Gap locks

from the Artful MySQL Tips List


On the MySQL InnoDB forum, a user asked this question ...
CREATE TABLE foo (
  a INT NOT NULL,
  b INT NOT NULL,
  c CHAR(1),
  PRIMARY KEY (a),
  KEY (b)
) ENGINE=InnoDB;

INSERT INTO foo VALUES (1,1,'A'), (3,3,'B'), (5,5,'C'), (7,7,'D'), (9,9,'E');

Test case 1

Session 1:
START TRANSACTION;
SELECT * FROM foo WHERE a < 2 FOR UPDATE;

Session 2:
DELETE FROM foo WHERE a = 3;  -- Success

Test case 2

This uses the original rows of the table with the deleted record returned.

Session 1:
START TRANSACTION;
SELECT * FROM foo WHERE b < 2 FOR UPDATE;

Session 2:
DELETE FROM foo WHERE b = 3;  -- Blocks

Locking the index entry with b = 3 depends only on the uniqueness of the index used. The transaction isolation level does not matter.

Why does InnoDB block the next index entry to the right of the
 scanned range in case of a non-unique index? Is there any 
 practical reason for this? Can someone give an example of a 
 problem that could happen if the record with b = 3 is not 
 blocked in the second test case?
Oracle staffer Jakub Lopuszanski offered this response ...
MySQL has a handy tool for analysing scenarios involving more than 
one client, called mysql-test-run.pl, or mtr for short - you can 
find it in mysql-test subdirectory.
So, I've adapted your scenarios to mtr scripts, so I can 
reproduce them easily.

--echo "#"
--echo "# SCENARIO WITH PRIMARY KEY (a)"
--echo "#"

CREATE TABLE foo (
  a INT NOT NULL,
  b INT NOT NULL,
  c CHAR(1),
  PRIMARY KEY (a),
  KEY (b)
) ENGINE=InnoDB;

INSERT INTO foo VALUES 
  (1,1,'A'), (3,3,'B'), (5,5,'C'), (7,7,'D'), (9,9,'E');

--connect (c1, localhost, root,,)
	START TRANSACTION;
	SELECT * FROM foo WHERE a < 2 FOR UPDATE;
--echo "# I'd expect exclusive locks by c1 on PRIMARY KEY row a=1 
  and gap before it, and gap before row a=3"
--connection default
SELECT engine_transaction_id,index_name,lock_mode,lock_status,lock_data 
FROM performance_schema.data_locks 
WHERE lock_type='RECORD' AND object_name='foo';

--connect (c2, localhost, root,,)
	START TRANSACTION;
	DELETE FROM foo WHERE a = 3;

--echo "# I'd expect additional exclusive lock by c2 on PRIMARY KEY 
row a=3 (which is delete marked and not yet purged, so read views 
can see state of DB before uncommitted c2)."

--connection default
SELECT engine_transaction_id,index_name,lock_mode,lock_status,lock_data 
FROM performance_schema.data_locks 
WHERE lock_type='RECORD' AND object_name='foo';

--connection c1
	COMMIT;

--echo "# I'd expect only the exclusive lock by c2 on PRIMARY row a=3."
--connection default
SELECT engine_transaction_id,index_name,lock_mode,lock_status,lock_data 
FROM performance_schema.data_locks 
WHERE lock_type='RECORD' AND object_name='foo';

--connection c2
COMMIT;

--connection default
--disconnect c2
--disconnect c1
DROP TABLE foo;

As you can see I'm querying the performance_schema.data_locks to 
see what data locks are being held. This table is documented at 
https://dev.mysql.com/doc/mysql-perfschema-excerpt/8.0/en/data-locks-table.html.

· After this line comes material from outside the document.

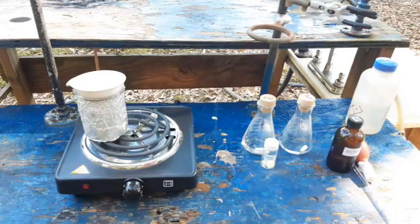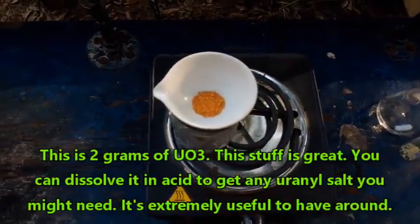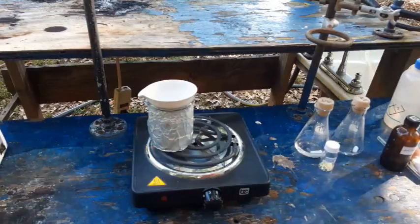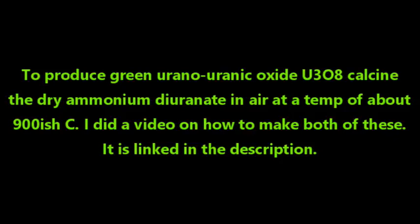For the uranyl complex, all the literature I can find says to start from uranyl nitrate, and all I've got right now is uranyl sulfate, so I'm going to make up a little bit of uranyl nitrate from uranium trioxide — see, I've got some here, it's very nice. Uranium trioxide is extremely easy to make: you dissolve uranium in nitric acid to create uranyl nitrate. The same trick works when recycling uranium — dissolve everything in nitric acid, add aqueous ammonia, precipitate out ammonium diuranate, filter it off, dry it, and calcine it at about 230°C until you get a nice lovely orange powder.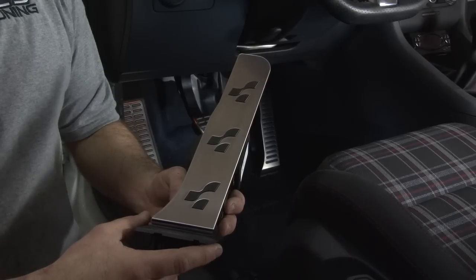Hey everybody, this is Colin from ECS Tuning and today I'm going to show you how to install the R32 pedal set in our Mark VI GTI.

It's important to understand several things when interpreting 
content of data_locks table:
- the foo table has two indexes (PRIMARY and KEY(b)), which can 
be thought of as two separate collections of rows
- the PRIMARY KEY can be imagined as a sorted list of (a,b,c) tuples: 
  (1,1,'A'), (3,3,'B'), (5,5,'C'), (7,7,'D'), (9,9,'E')
- the secondary KEY(b) can be imagined as a sorted list of (b,a) 
  tuples: (1,1), (3,3), (5,5), (7,7), (9,9)
- if we imagine these sorted tuples as laying on an axis, then a 
  record lock can have several types:
  - "REC_NOT_GAP" - such lock protects just the tuple itself
  - "GAP" - such lock protects just the gap before (to the left of) 
    the tuples
  - "", the default - such lock protects both: the gap before and 
    the tuple itself
- locks can be e"X"clusive or "S"shared. (Currently this doesn't 
  matter for the gap before record - even "X" is treated as "S" 
  for the gap part of a lock)

If you place the above test in mysql-test/suites/innodb/t/ and 
run it with ./mtr --record forum.test; it will generate 
mysql-test/suites/innodb/r/forum.result file, in which you 
should see following fragments:

"# I'd expect exclusive locks by c1 on PRIMARY KEY row a=1 and 
gap before it, and gap before row a=3"
SELECT engine_transaction_id,index_name,lock_mode,lock_status,lock_data 
FROM performance_schema.data_locks WHERE lock_type='RECORD' AND object_name='foo';
engine_transaction_id	index_name	lock_mode	lock_status	lock_data
1816	                PRIMARY	        X	        GRANTED	        1
1816	                PRIMARY	        X,GAP	        GRANTED	        3
START TRANSACTION;

Indeed the observation matches the expectation: X,GAP on 3 means 
that the row itself is not protected, just the gap spanning range
between 1 and 3 (non-inclusive). And as expected, this allows 
the c2's DELETE to succeed:

"# I'd expect additional exclusive lock by c2 on PRIMARY KEY row a=3
(which is delete marked and not yet purged, so read views can see 
state of DB before uncommitted c2)."
SELECT engine_transaction_id,index_name,lock_mode,lock_status,lock_data 
FROM performance_schema.data_locks 
WHERE lock_type='RECORD' AND object_name='foo';
engine_transaction_id	index_name	lock_mode	lock_status	        lock_data
1817	                PRIMARY	    X,        REC_NOT_GAP	GRANTED	   3
1816	                PRIMARY	    X	        GRANTED	               1
1816	                PRIMARY	    X,GAP	    GRANTED	               3  

Here c1=1816 and c2=1817 (actual transaction ids may vary from run 
to run, obviously).
And we see that c2 successfully got GRANTED the X,REC_NOT_GAP lock on
the row a=3, despite c1 having X,GAP lock on a=3. Cool.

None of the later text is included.